Seven years ago, a man in Scotland was caught having sex with a bicycle.  I missed it somehow.  It’s not a piece of news you’d forget.  A few days ago, the story popped up again on the BBC website, in the ‘most read’ section.  Thanks to the internet and our fascination with sexual content, the world is going to laugh at him forever.  Flogging a dead bike.

Most of us have experimented sexually.  Positions, people, places.  Some of us do it with animals, or corpses.  One of us, at least, with a bicycle.  But we are usually more careful, or luckier, than our Scottish friend.  Think back.  The last time you locked your bedroom door, then did something wicked, were sturdy women with mops in their hands waiting outside?

He lived in a hostel.  He must have thought he was safe in his own room, with his own bicycle.  He wasn’t outside the local school, or carrying it on the train.  (At peak times, only folded – Kama Sutra.)  It was right between his legs when the cleaners walked in.  They said they knocked.  Two ladies.  That was bad luck.  Men might have blinked.  And how many cleaners do you need for a single room? Two, obviously.  More bad luck, but convenient for the magistrate.  Two against one.  Our friend couldn’t deny it.

The BBC said he was “caught trying to have sex with his bicycle.”  He was charged with “simulating sex,” found guilty and sentenced to three months on probation.  I expect he was moving his hips in a certain way, like a bicycle pump, at the rear of the machine.   Three months’ probation for simulating sex.   What if he’d really done it?  What if he’d screwed the bells off his beloved bicycle?  They would have thrown away the key. 

For some men, a car is like a girlfriend, one you can’t get into the bedroom.  Our friend, Biceps Femoris, loved a bicycle, and he got it into his room.  He deserves a medal, or a yellow jersey.  Recently, young men in tight pants humped their two-wheelers around the English countryside.  People watched and cheered.  Women were among the crowd.  Some of them were probably cleaning ladies.  The police did nothing. 

Le Tour de France.  Apt name for an event on this side of the Channel. 

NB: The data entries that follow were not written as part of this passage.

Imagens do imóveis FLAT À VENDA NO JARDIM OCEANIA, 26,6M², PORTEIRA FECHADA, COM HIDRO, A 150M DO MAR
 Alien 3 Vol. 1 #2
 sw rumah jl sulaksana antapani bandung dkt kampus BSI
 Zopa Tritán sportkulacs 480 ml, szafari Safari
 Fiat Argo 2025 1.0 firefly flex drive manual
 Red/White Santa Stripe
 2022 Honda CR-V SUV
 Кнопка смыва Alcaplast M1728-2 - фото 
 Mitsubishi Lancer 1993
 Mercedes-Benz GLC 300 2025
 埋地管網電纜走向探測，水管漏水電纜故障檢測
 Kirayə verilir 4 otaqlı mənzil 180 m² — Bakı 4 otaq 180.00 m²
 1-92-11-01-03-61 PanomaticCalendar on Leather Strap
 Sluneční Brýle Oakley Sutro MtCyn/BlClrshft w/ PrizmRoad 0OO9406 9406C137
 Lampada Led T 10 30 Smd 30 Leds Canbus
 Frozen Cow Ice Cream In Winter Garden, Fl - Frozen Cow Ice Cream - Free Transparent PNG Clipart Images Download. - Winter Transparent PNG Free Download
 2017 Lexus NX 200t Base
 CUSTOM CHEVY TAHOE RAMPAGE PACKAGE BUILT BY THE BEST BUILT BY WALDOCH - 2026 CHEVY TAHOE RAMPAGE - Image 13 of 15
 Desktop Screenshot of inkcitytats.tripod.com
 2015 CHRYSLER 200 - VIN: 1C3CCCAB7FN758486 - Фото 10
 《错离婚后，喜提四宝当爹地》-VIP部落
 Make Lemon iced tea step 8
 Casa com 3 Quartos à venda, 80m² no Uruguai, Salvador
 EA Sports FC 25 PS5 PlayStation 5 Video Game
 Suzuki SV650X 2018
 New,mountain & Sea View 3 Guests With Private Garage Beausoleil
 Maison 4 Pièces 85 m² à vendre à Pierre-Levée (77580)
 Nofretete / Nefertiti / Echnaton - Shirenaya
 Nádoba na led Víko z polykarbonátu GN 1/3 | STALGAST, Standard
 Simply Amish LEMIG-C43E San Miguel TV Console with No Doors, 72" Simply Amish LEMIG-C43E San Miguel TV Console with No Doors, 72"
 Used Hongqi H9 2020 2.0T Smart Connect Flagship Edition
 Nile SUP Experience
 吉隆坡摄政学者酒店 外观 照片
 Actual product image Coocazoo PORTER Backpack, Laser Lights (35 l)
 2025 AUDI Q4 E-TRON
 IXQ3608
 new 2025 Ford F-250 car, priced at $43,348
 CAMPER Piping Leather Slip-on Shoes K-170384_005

I said magistrate, but they’re not magistrates up there, are they?  They’re sheriffs.  Like Tombstone or Nottingham.  The Sheriff of Ayr proclaimed: “In almost four decades in the law I thought I had come across every perversion known to mankind, but this is a new one on me. I have never heard of a ‘cycle-sexualist.'" 

Neither have I.  Sexualist.  That’s a word in Scotland.

In the BBC report, there’s a picture of a bicycle chained to a fence.  These days, in England, at least, victims are treated with more compassion.  They are not arrested, let alone chained.  A bicycle can’t defend itself.  Its very structure invites abuse.  It is made to ride.  Town bicycle – you know what that means.  Although we are not told the gender of this machine, a barrister could twist things around to show that she brought it on herself.  As for the Sheriff, a male bike would provoke him even more, and what if it was only a few years old?